L’Arabie saoudite et le Maroc souhaitent renforcer leurs liens industriels

  • M. Alkhorayef a tenu une réunion avec les dirigeants des principales sociétés minières du Maroc, avec la participation de certains des investisseurs les plus importants du pays dans ce secteur
  • La réunion a mis l’accent sur le renforcement de la coopération et l’étude des possibilités d’investissement principales proposées par le secteur minier saoudien

RIYAD: Les liens économiques entre l’Arabie saoudite et le Maroc devraient se renforcer, en particulier dans les domaines de l’exploitation minière de l’énergie. En effet, une délégation officielle du Royaume se rend dans ce pays d’Afrique du Nord-Ouest pour explorer des possibilités de coopération.

Le ministre saoudien de l’Industrie et des Ressources minérales, Bandar Alkhorayef, a entamé, le 3 juin, une visite officielle à Rabat.

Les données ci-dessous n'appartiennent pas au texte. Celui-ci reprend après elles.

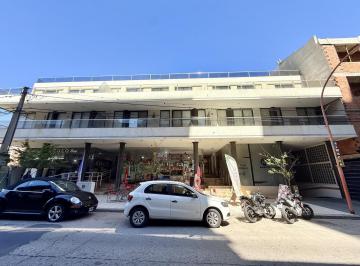 Departamento · 60m² · 2 Ambientes · 1 Cochera · Departamento en Alquiler Anual - Cochera - Calef Central - Amenities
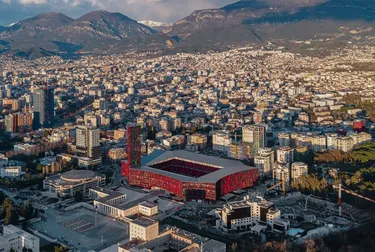 Foto e Ambient biznesi në shitje Rruga e Elbasanit, Tiranë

Il dirigera la délégation du Royaume lors de la 28e session de l’assemblée générale de l’Organisation arabe pour le développement industriel, la normalisation et les mines (Oadim), qui se tient du 4 au 6 juin dans la capitale marocaine, selon l’agence de presse saoudienne.

Selon M. Alkhorayef, il aurait discuté avec les responsables marocains des moyens de renforcer la coopération dans des domaines vitaux. «Nous avons également passé en revue les possibilités d’investissement prometteuses dans les deux pays et ouvert la voie à un partenariat durable», déclare le ministre saoudien.

Il affirme également avoir examiné minutieusement les réalisations de l’initiative Vision 2030 avec un groupe de leaders d’opinion et d’analystes économiques marocains, en se concentrant sur les secteurs industriel et minier.

«Nous avons également échangé sur un certain nombre d’enjeux économiques, en soulignant l’importance des médias et leur rôle central dans la sensibilisation et la réalisation des objectifs de développement», ajoute-t-il.

Par ailleurs, le ministre de l’Industrie s’est entretenu avec Leila Benali, ministre marocaine de la Transition énergétique et du Développement durable, et Nadia Fettah, ministre marocaine de l’Économie et des Finances. Les responsables ont discuté du renforcement de la coopération économique entre les deux royaumes.

Au cours de la réunion, ils ont également discuté des possibilités de coopération et de partenariats dans le secteur minier, notamment le développement de l’industrie du phosphate, tirant profit de l’expérience acquise par les deux pays pour renforcer l’avantage compétitif des engrais phosphatés et l’accès à de nouveaux marchés.

Ils ont également abordé la question de la collaboration dans le domaine du commerce régional, notamment de l’élimination des obstacles à l’importation et à l’exportation de minéraux vitaux dans la région, ainsi que de la coopération dans le domaine du développement des exportations et du soutien à la promotion des exportations saoudiennes au Maroc.

Les réunions se sont déroulées en présence de Khalid ben Saleh al-Mudaifer, vice-ministre saoudien de l’Industrie et des Ressources minérales chargé des affaires minières, et de Sami ben Abdallah al-Saleh, ambassadeur de l’Arabie saoudite au Maroc.

En outre, Bandar Alkhorayef a tenu une réunion avec les dirigeants des principales sociétés minières du Maroc, avec la participation de certains des investisseurs les plus importants du pays dans ce secteur.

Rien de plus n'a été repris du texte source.